Evento em SP com palestras, debates e shows reúne intelectuais de vários países para discutir o legado de Oswald

Antropofagia devora a atualidade no EIA!

CARLOS CALADO
ESPECIAL PARA A FOLHA

Intelectuais de vários países reúnem-se, em São Paulo, para discutir o legado e a atualidade da antropofagia de Oswald de Andrade. Em 1928, no "Manifesto Antropófago", o escritor modernista propôs que a cultura brasileira se renovasse a partir da assimilação crítica de idéias e modelos estrangeiros.
Dirigido e concebido pelo diretor de teatro José Celso Martinez Corrêa, o EIA! (Encontro Internacional de Antropofagia) acontece de hoje a sábado, no Sesc Pompéia. A programação inclui palestras, debates, shows, leituras teatrais e uma instalação do artista plástico Aguilar.
Em entrevista à Folha, o norte-americano Christopher Dunn -professor da Tulane University de Nova Orleans e autor do livro "Brutality Garden: Tropicália and the Emergence of a Brazilian Counterculture"- antecipa aspectos da palestra que fará na sexta-feira. E defende a validade da antropofagia na violenta era Bush. Leia a seguir.

 

Folha - Como seus alunos encaram o conceito da antropofagia?
Christopher Dunn -
A metáfora da antropofagia é plurivalente, com múltiplos significados. A noção mais básica se refere ao procedimento de deglutir ou apropriar-se criticamente de produtos culturais ou idéias do outro, do estrangeiro dos centros metropolitanos, para então criar algo novo com a marca da singularidade de sua cultura. É um procedimento que rejeita a imitação, por um lado, e a rejeição xenófoba, por outro. Em geral, os estudantes norte-americanos ficam entusiasmados com esse conceito e suas possíveis aplicações no contexto local.
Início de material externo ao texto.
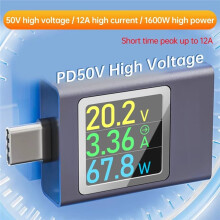 HDC-085C  4.5-50V 0-12A PD3.1 Multi-Function Digital Display Voltage Ammeter Meter Type-C Cell Phone Charging Tester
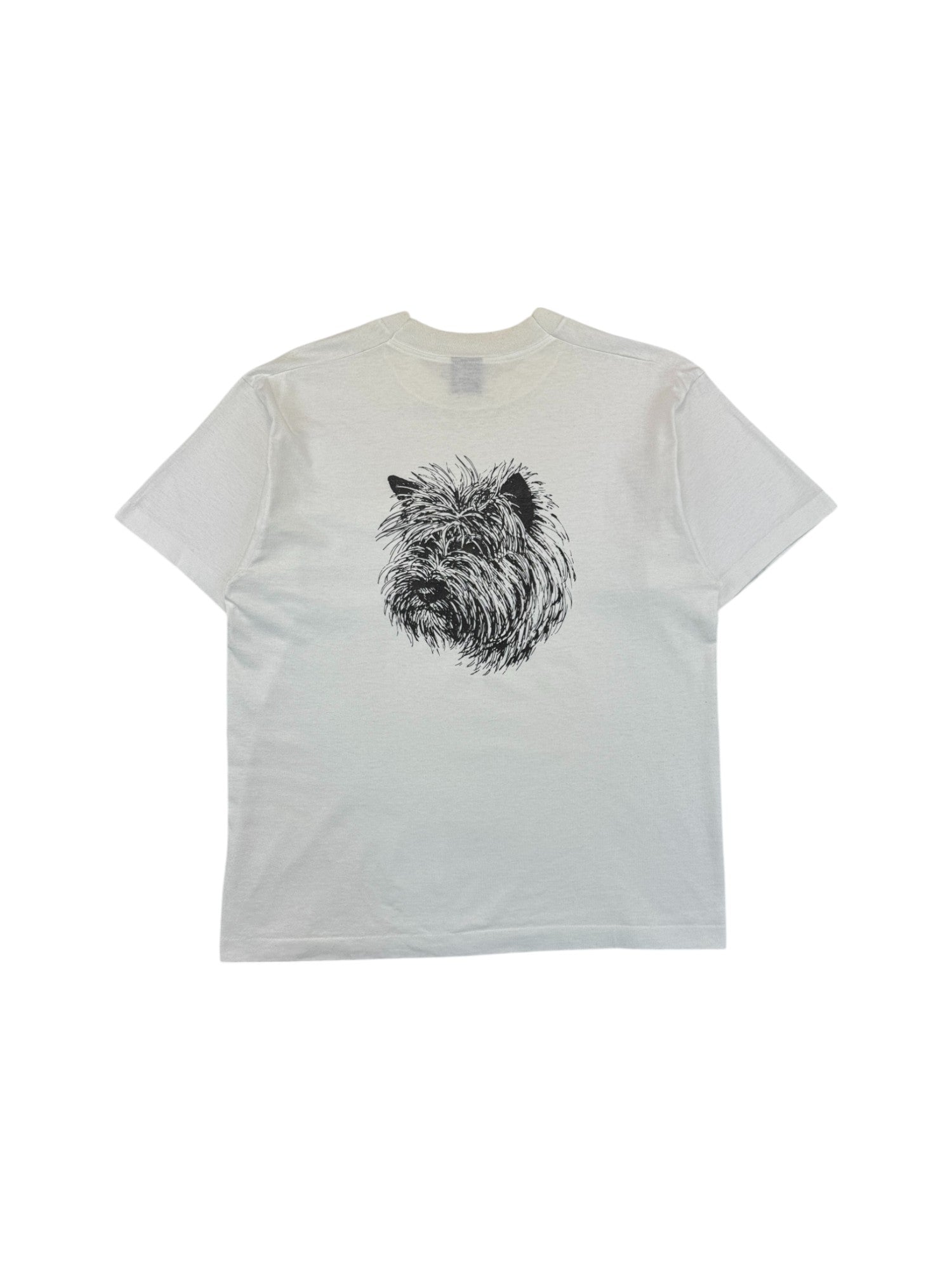 Vintage Screen Stars Shirt 80s Mit Brusttasche Cairn Terrier Single Stitch Made In USA Weiß L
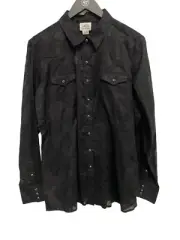 Ariat Snap Front Jacquard Western Shirt Women XL Black Semi Sheer Ranch Farm NEW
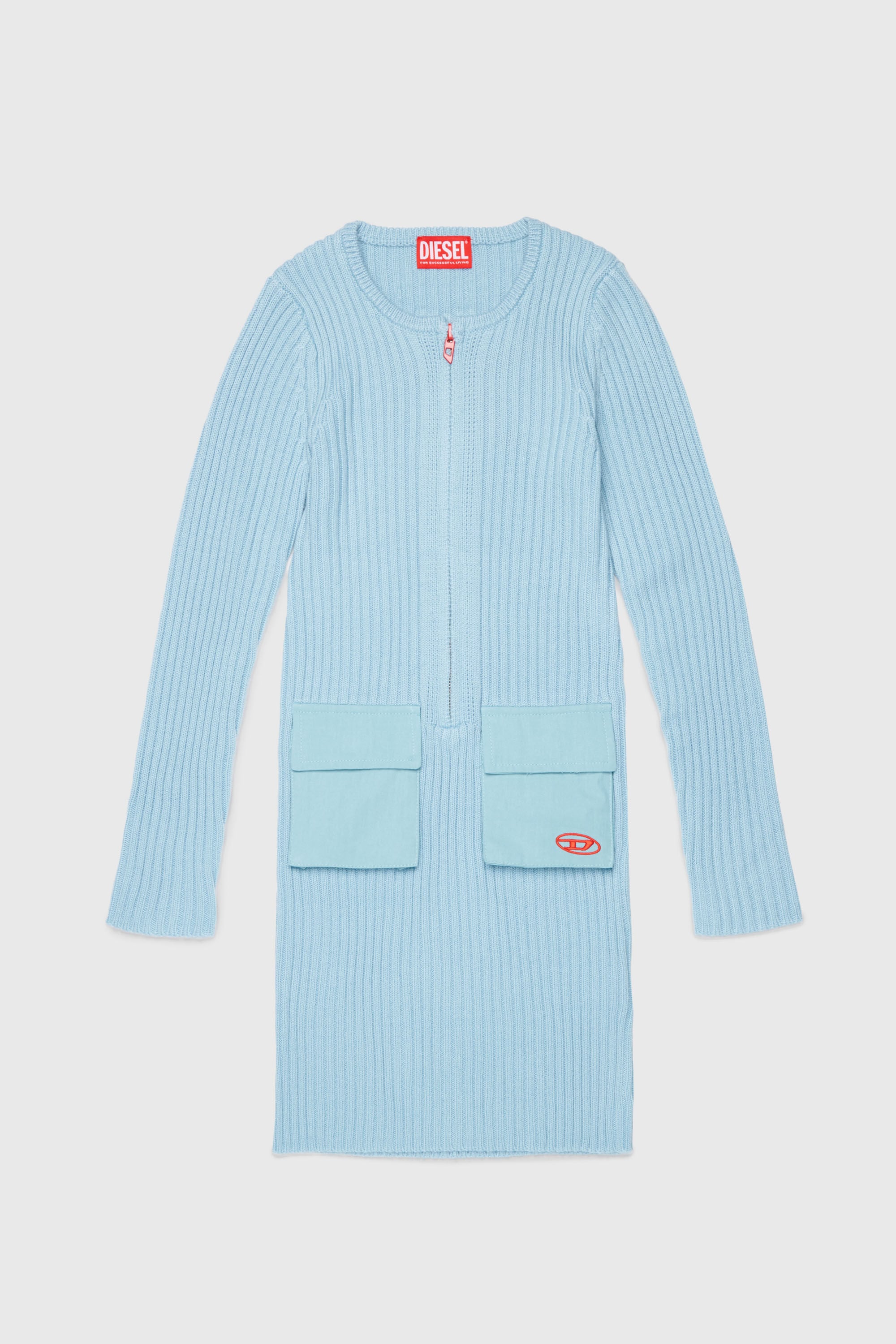 Diesel - DAMMY, Robe midi en maille c&ocirc;tel&eacute;e avec poches utility Femme in ToBeDefined - 1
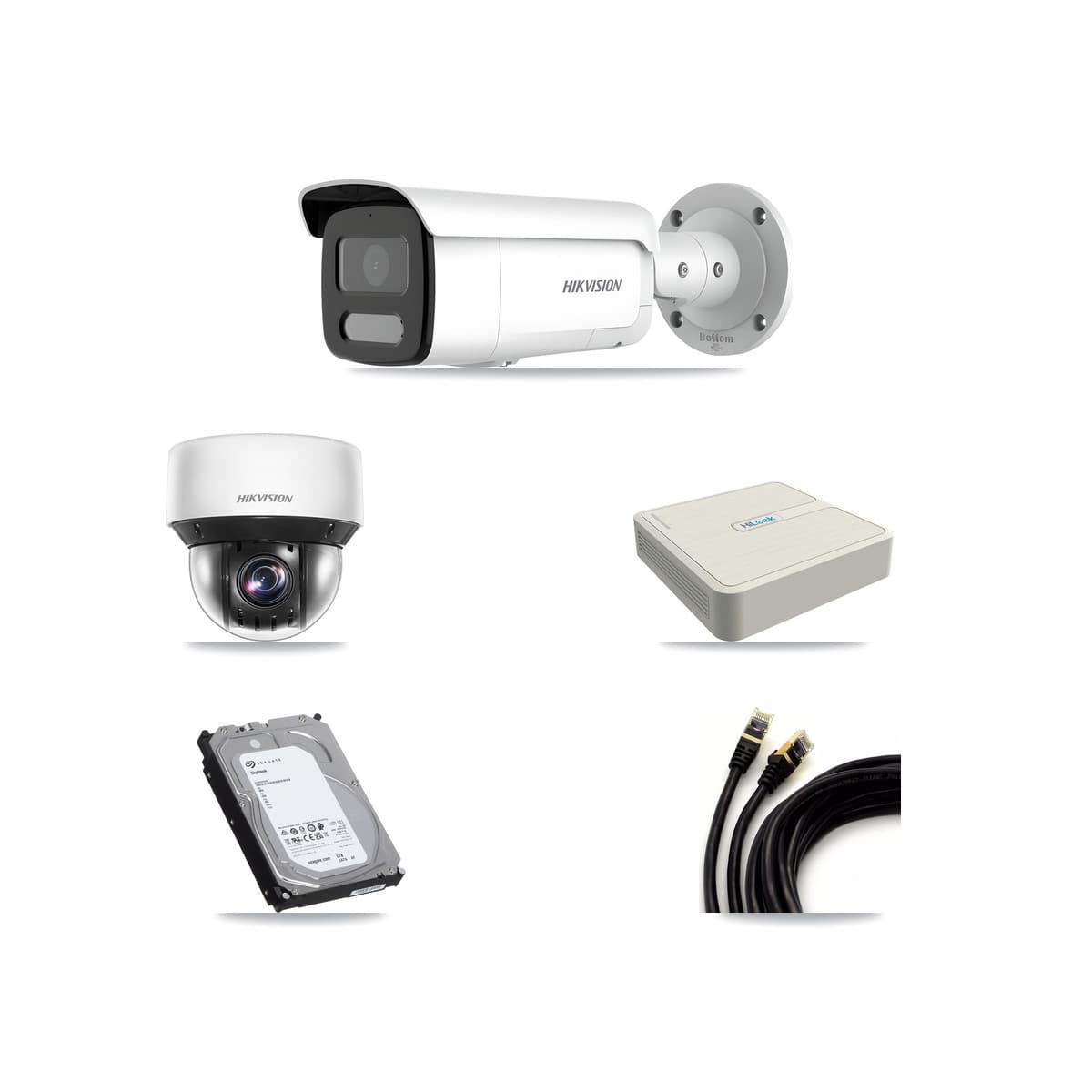 Hikvision & HiLook 8-Channel 4MP CCTV Kit — 5 DS-2CD2T47G2H Bullet + 1 DS-2DE4A425IW PTZ Cameras + 6TB Recording - Image 1
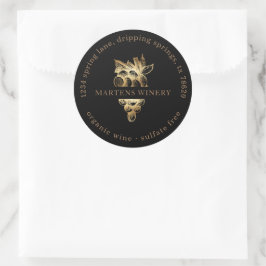 Adesivo Redondo Vinho Empresa Vinho Vinho Dourado Vinho Endereço d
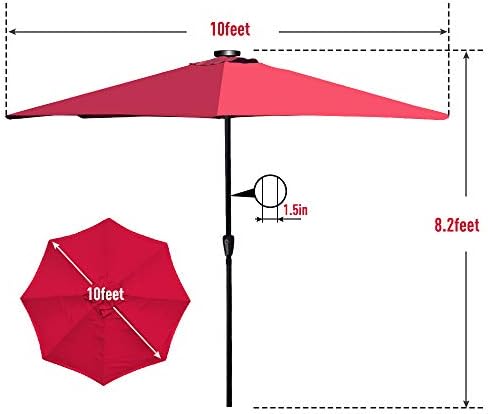 MASTERTOP 3M Garden Parasol Umbrella, Patio Parasol Outdoor with 18 Solar Powered LED Lights and Water Repellent Polyester Surface, Large Parasols for Garden, Patio, Yard, Beach (UV 30+)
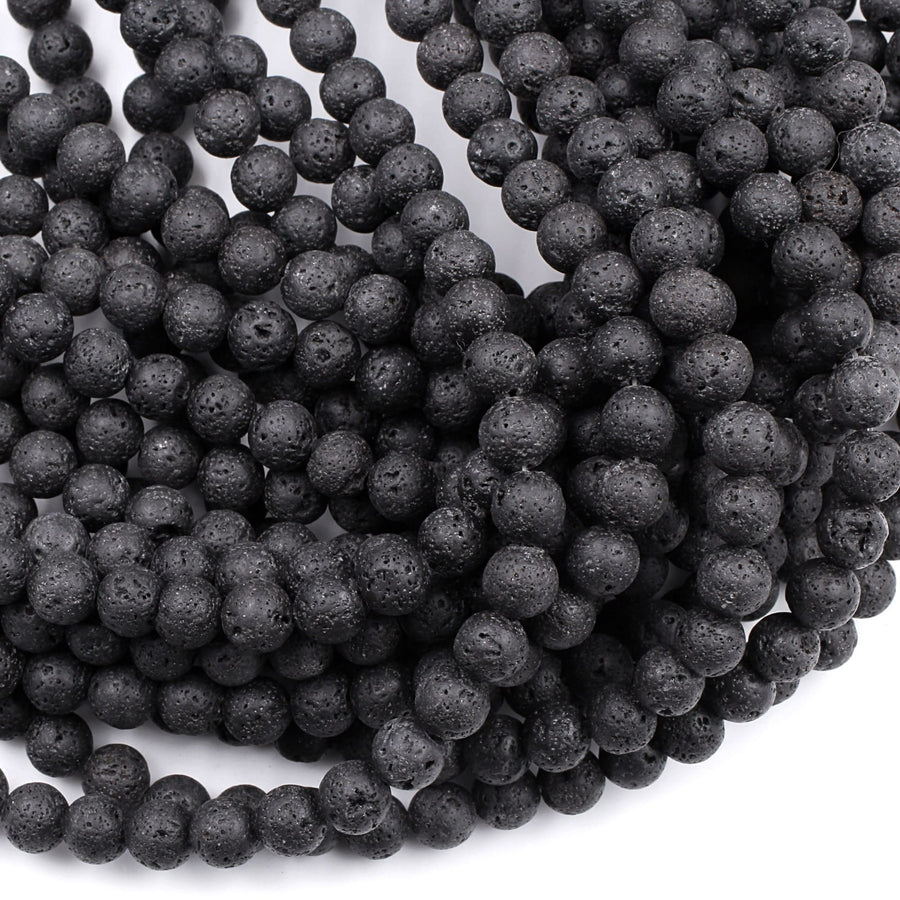 Natural Lava Beads 4mm 6mm 8mm 10mm 12mm Round 15.5" Strand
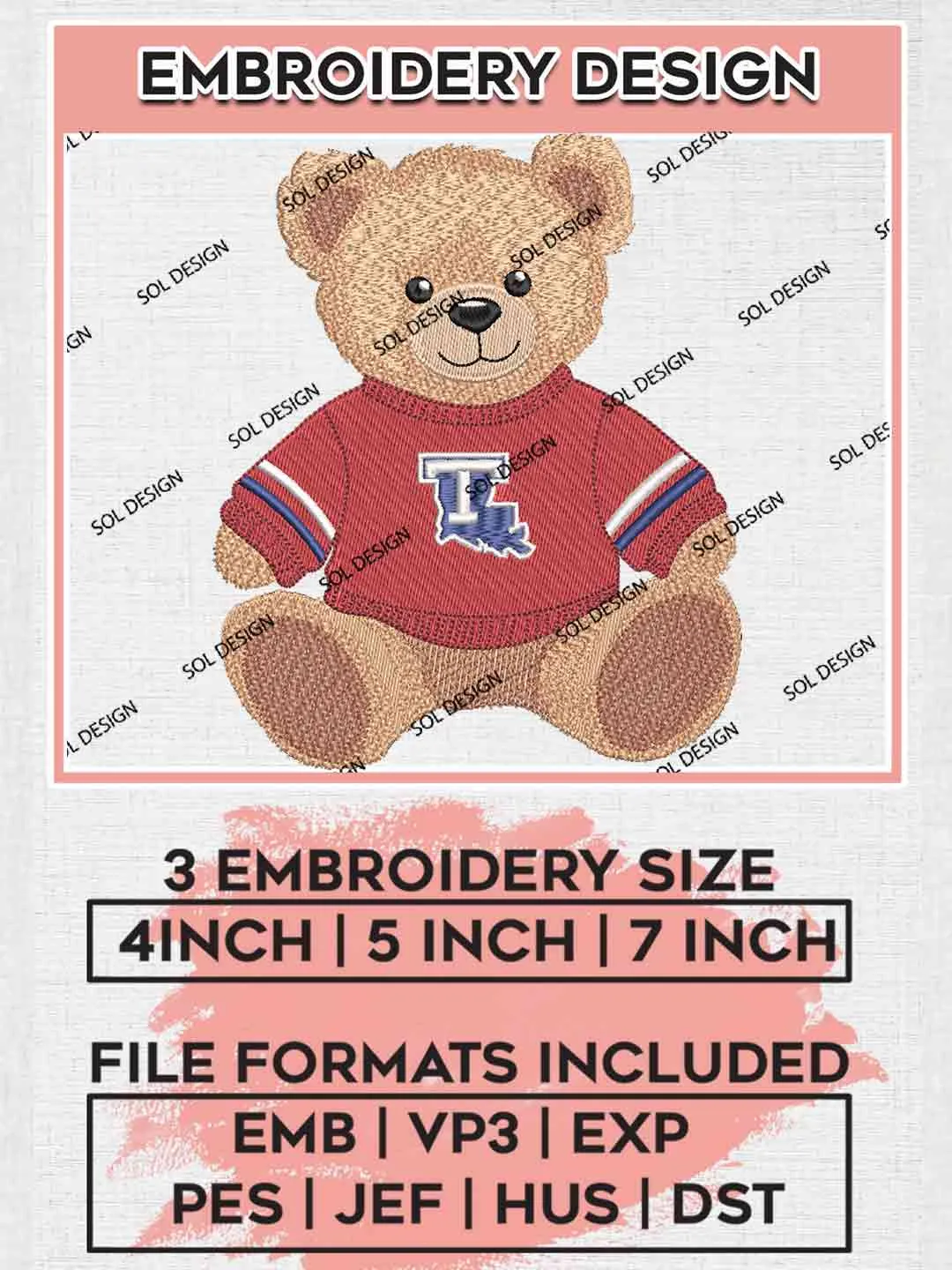 Louisiana Tech Bulldog Teddy Bear Embroidery Design, Football Embroidery files, Sport Machine embroidery files, 3 sizes, Instant Download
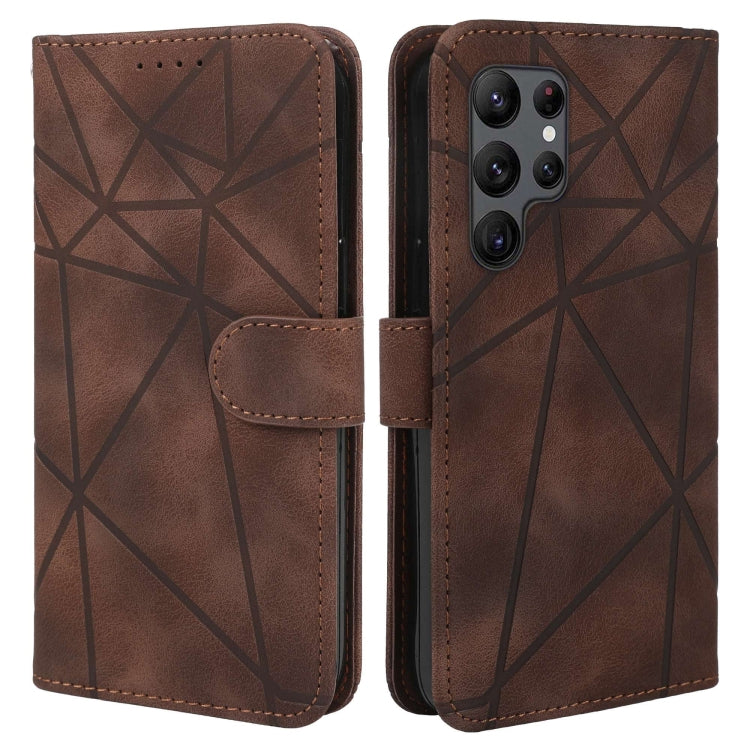 For Samsung Galaxy S25 Ultra 5G Skin Feel Geometric Lines Leather Phone Case(Brown)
Folha - A antropofagia ainda é tão válida quanto era no final dos anos 20?
Dunn -
Acho que a antropofagia continua a ser um conceito atual para artistas que lidam com questões da diferença, mistura de linguagens, intertextualidade e multiculturalismo. Estamos vivendo um momento terrível, com a ascensão do neoimperialismo criminoso dos Estados Unidos e o crescimento de fundamentalismos religiosos, que Oswald de Andrade teria chamado de "baixa antropofagia". Essa precisa ser enfrentada com a antropofagia generosa e utopia de Oswald.

Folha - Como se daria esse enfrentamento?
Dunn -
Se aceitamos que a antropofagia é uma estratégia e práxis anticolonialista e antiimperialista, temos que atualizar suas lições para os dias atuais. Não estou sugerindo que a antropofagia seja a salvação, mas não deixa de ser uma metáfora sugestiva para lidar com as formas de "catequese" explícitas no projeto imperialista norte-americano, que hoje procura, cinicamente, "levar a democracia" ao Oriente Médio.

Folha - Você poderia fazer uma sinopse de sua palestra no encontro?
Dunn -
Minha apresentação trata do conceito da antropofagia no modernismo brasileiro e como ele foi articulado por Oswald em relação a outras correntes que também elegeram o índio como figura representativa. Depois explico como e porque essa metáfora surgiu de novo como conceito organizador de vários projetos artísticos ligados ao momento tropicalista, nos anos 60.
Finalmente, vou falar sobre a antropofagia no contexto da globalização, refletindo sobre o conceito de "arrastão" desenvolvido pelo tropicalista Tom Zé para articular uma prática e uma ética enquanto músico brasileiro contemporâneo.

Folha - Você acha que Tom Zé recriou a antropofagia?
Dunn -
Em vez do antropófago, do índio canibal, Tom Zé propõe a figura do andróide, o trabalhador analfabeto, terrivelmente explorado como mão-de-obra barata e descartável. Para Tom Zé, esses andróides podem ter "defeitos de fabricação" que possibilitam a resistência por meio de atos subversivos de criar, pensar, dançar e sonhar, enquanto fazem "arrastão" no legado cultural do qual são excluídos. Acho muito interessante essa metáfora, porque ela sugere explicitamente a posição social da figura subalterna, que a metáfora do antropófago tende a ocultar.


Carlos Calado é jornalista e crítico, autor de "A Divina Comédia dos Mutantes", entre outros livros.